Every once in a while a movie comes along that provides the ultimate retreat from reality. You cozy into your theater seat, break out the Junior Mints and sip your fountain drink as the world melts away into cinematic fantasy. “La La Land,” directed by Damien Chazelle, is the ultimate escapist film. Pure visual narcotic, the movie is a celebration of music, color and drama. It is both nostalgic and refreshingly new, and offers more than it’s fair share of talent. In other words, it’s simply magical.
“La La Land” is a story for and about dreamers. Mia, performed by the vibrant Emma Stone, moves to Los Angeles with her heart set on becoming a star. She pays her dues serving coffee as a barista and schlepping from one bad audition to the next, dreaming of the day when she’ll finally get a call back and land her first gig. In the meantime, as she sings and struggles her way to the top, Mia continues to run into the garrulous jazz aficionado, Sebastian. Performed by Ryan Gosling, Sebastian is a starving artist with dreams of opening his own jazz club (“Chicken On A Stick”) where he imagines reviving the sounds of Miles Davis, Thelonious Monk and John Coltrane.
Together, the two actors perform with a magnetic chemistry in a classic hate-turned-love relationship. Second only to the passion for their careers is their passion for each other.

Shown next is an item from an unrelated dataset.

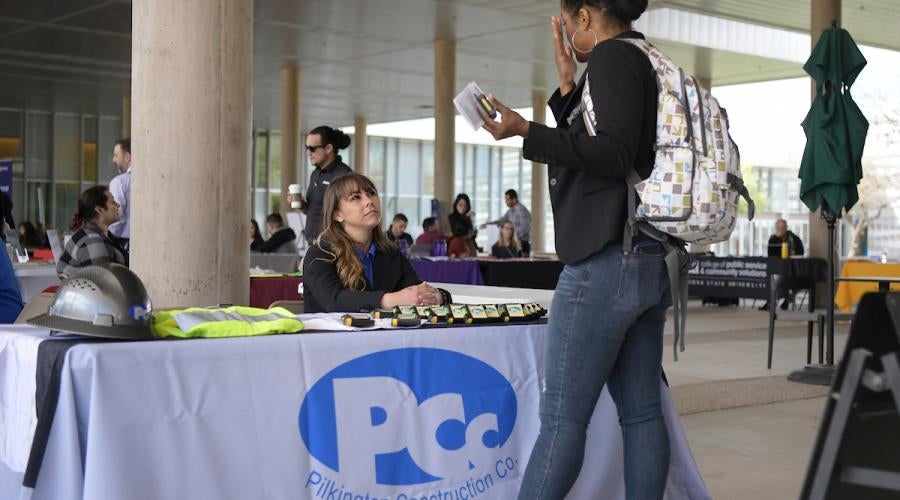Student and Rep speaking at Yuma Transfer and Career Expo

The real question in the end is, which love will conquer all?
Long breathtaking filming sequences move through a chaos of movement, as dancers fly on skateboards or flip from one parked car to another, give the audience enough time to marvel at the timing and execution of such incredible choreography. Mandy Moore (the choreographer, not the singer), who is known for her work in “Dancing with the Stars” and “Silver Linings Playbook” outdid herself in “La La Land.”
Both Stone and Gosling, as well, impress with their triple threat abilities, singing and dancing from one scene to the next. The film clearly requires each actor to stretch their abilities, and, perhaps the most impressive result of this is Gosling’s performance on the piano. He may not be a virtuoso, yet, but he can sure play.

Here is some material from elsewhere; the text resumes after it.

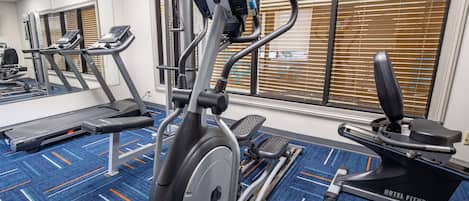 A hotel fitness center with cardio machines, a mirrored wall, and large windows with blinds.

“La La Land” is indeed a musical, but don’t hold that against it. If you avoid seeing this film because post traumatic stress memories of “West Side Story” or “Oklahoma” resurface, you will be the worse for it. This movie is amazing because of, rather than in spite of, it’s song and dance, a repertoire that is lively and diverse.
You hardly notice as the music transitions from the boisterous sounds of big brass bands to the soulful R&B melodies of John Legend to effervescent jazz performances that are sure to make you a loyal follower of the genre. It’s not a soundtrack that’s likely to get old, and if you’re not humming “Another Day in the Sun” while watching the movie, you’re sure to be doing it after you purchase the album.
Although the movie wistfully revives the glamour of old Hollywood in a sumptuous wardrobe of heavily saturated Technicolor hues (pure eye candy), “La La Land” feels surprisingly modern. In fact, the film’s incredible opening scene takes place in the middle of L.A. rush hour and you can’t get much more 21st century than that.
Though at times the fight to get ahead and superficiality of fame is poked fun at, the dream of every hopeful in the “city of stars” is as real now as it ever has been. For those who work hard enough and believe long enough those dreams become reality.